Posts in: movies

🍿 Finding Dory (2016) was a disappointment. For perspective, I have seen “Walle-E” and Ratatouille dozens of times beginning-to-end, but it took me 8 years to finish this over-plotted under-baked mess which managed to omit everything that made the original Finding Nemo so brilliant. Quo vadis, Pixar?


🍿 Casino Royale (2006) is one of the better Bond movies but has a little too much fun shooting on location and ultimately, at 144 minute run-time, overstays its welcome. Still, not having every scene be obviously green screened was refreshing. It’s strange to think that Daniel Craig may become our kids' idea of 007 but hey, it could be worse.

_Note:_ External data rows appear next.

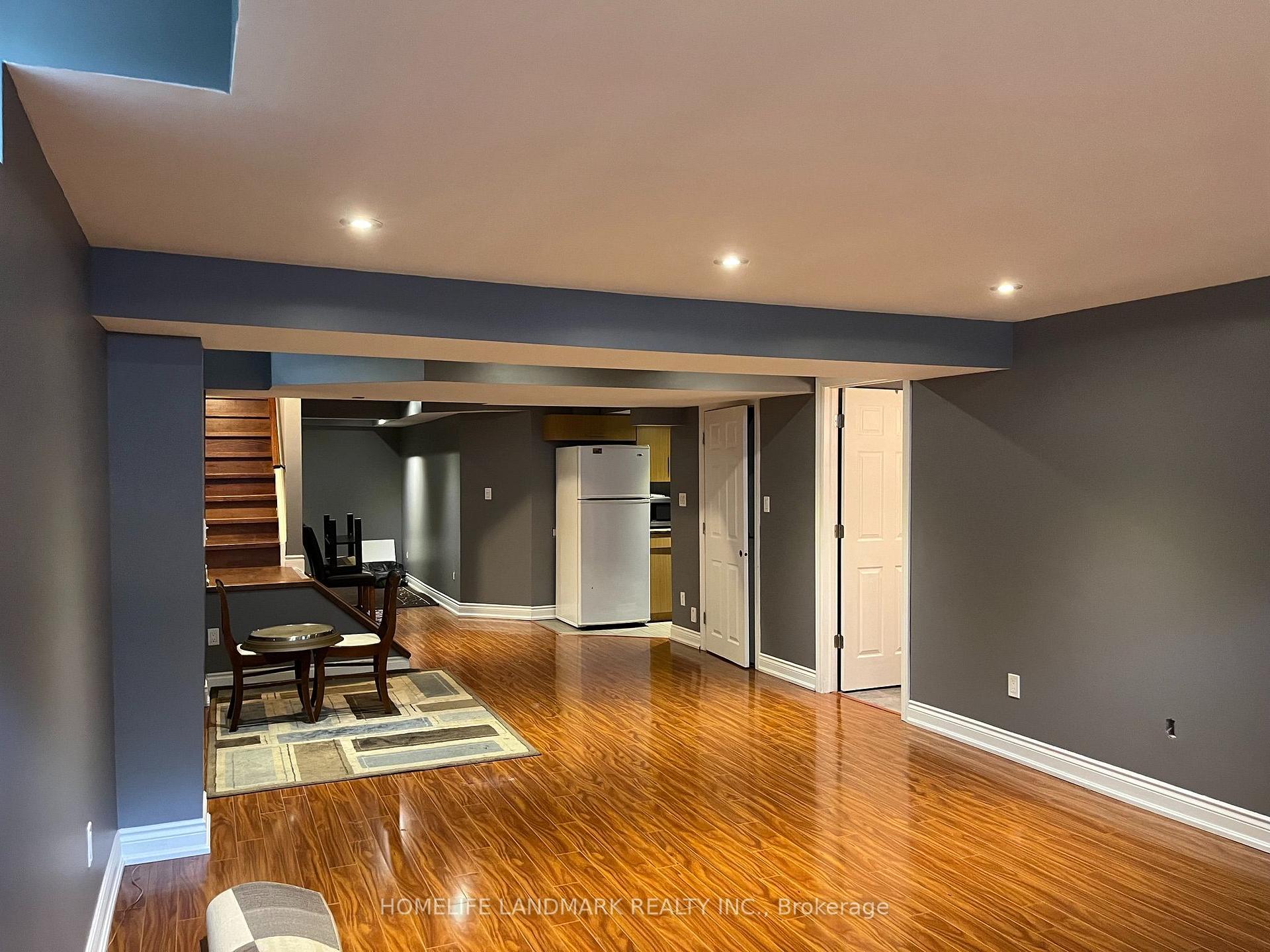 Photo 4 of Unit Basemt, 294 Ivy Jay Crescent, Aurora, Bayview Northeast — HOMEH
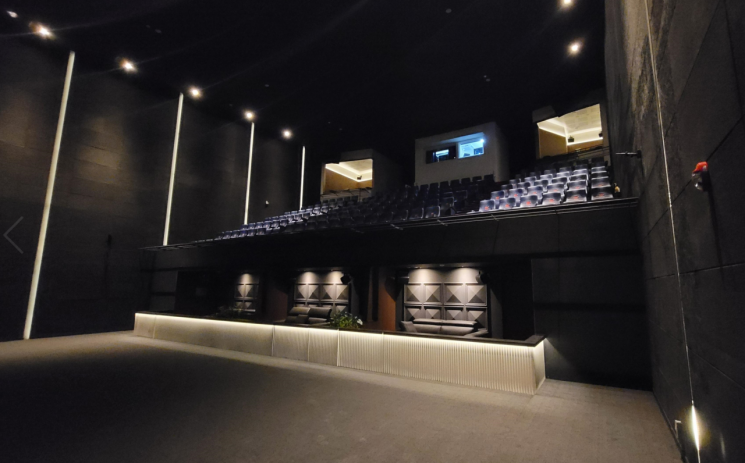 CGV 압구정 1관, 아이맥스 특별관으로 탈바꿈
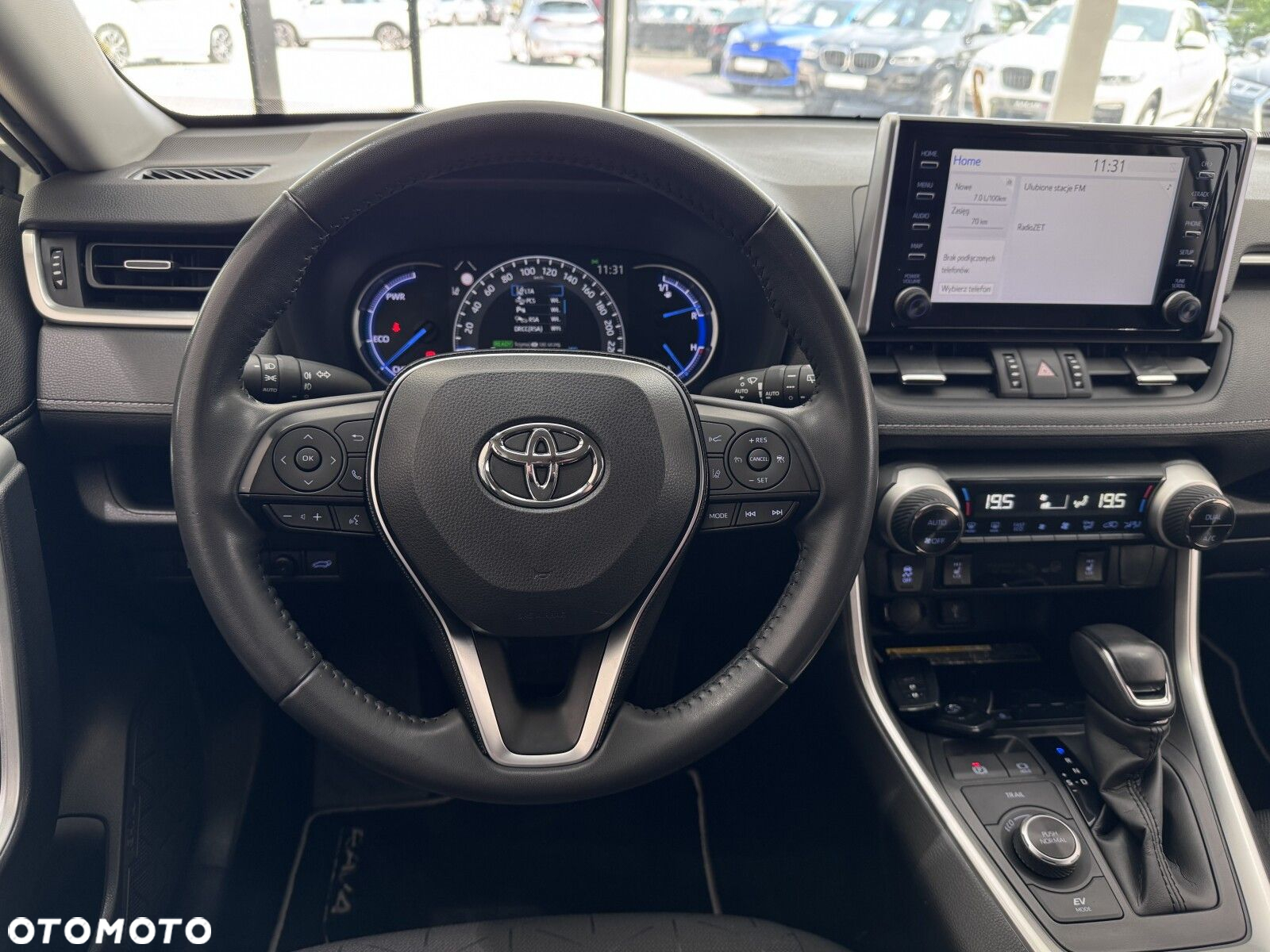 Toyota RAV4 - 15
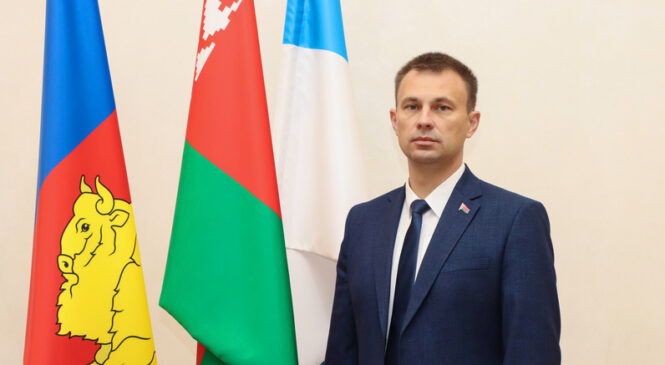 Пагаварылі аб самым важным перад стартам новага навучальнага марафону з начальнікам аддзела па адукацыі райвыканкама Аляксандрам Момлікам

🍿 Paddington 2 (2017): even better than the first. It doesn’t look like Paddington 3 is in the cards, but what a fun set of movies this has been. Just compare it to what we had back in the day.


🍿 Paddington (2014) is the perfect family movie to which we were 10 years late, but it was worth waiting for every family member to be able to appreciate it. Too sappy and twee for adults? Perhaps. But did it make our kids laugh and cry? Also, yes, and you don’t often find the crying bit in movies like this any more.

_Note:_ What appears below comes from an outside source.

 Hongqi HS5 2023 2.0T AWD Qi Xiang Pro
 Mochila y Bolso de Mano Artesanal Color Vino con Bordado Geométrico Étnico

🍿 Anatomy of a Fall (2023) is neck and neck with The Holdovers in being my favorite film of 2023. What a great year for movies.

I have no plans to watch Poor Things due to a severe Yorgos Lanthimos allergy, but if I do it will be only to see what kind of a performance Emma Stone could possibly have had to top the absolutely brilliant Sandra Hüller.


🍿 American Fiction (2023) was as good as biting satire gets: funny, poignant, and, ultimately, tripping on its own feet. It is better than The Triangle of Sadness and miles above Don’t Look Up but at heart it is still an insecure adolescent whose every seemingly earnest confession is followed by a “just kidding…” handwave.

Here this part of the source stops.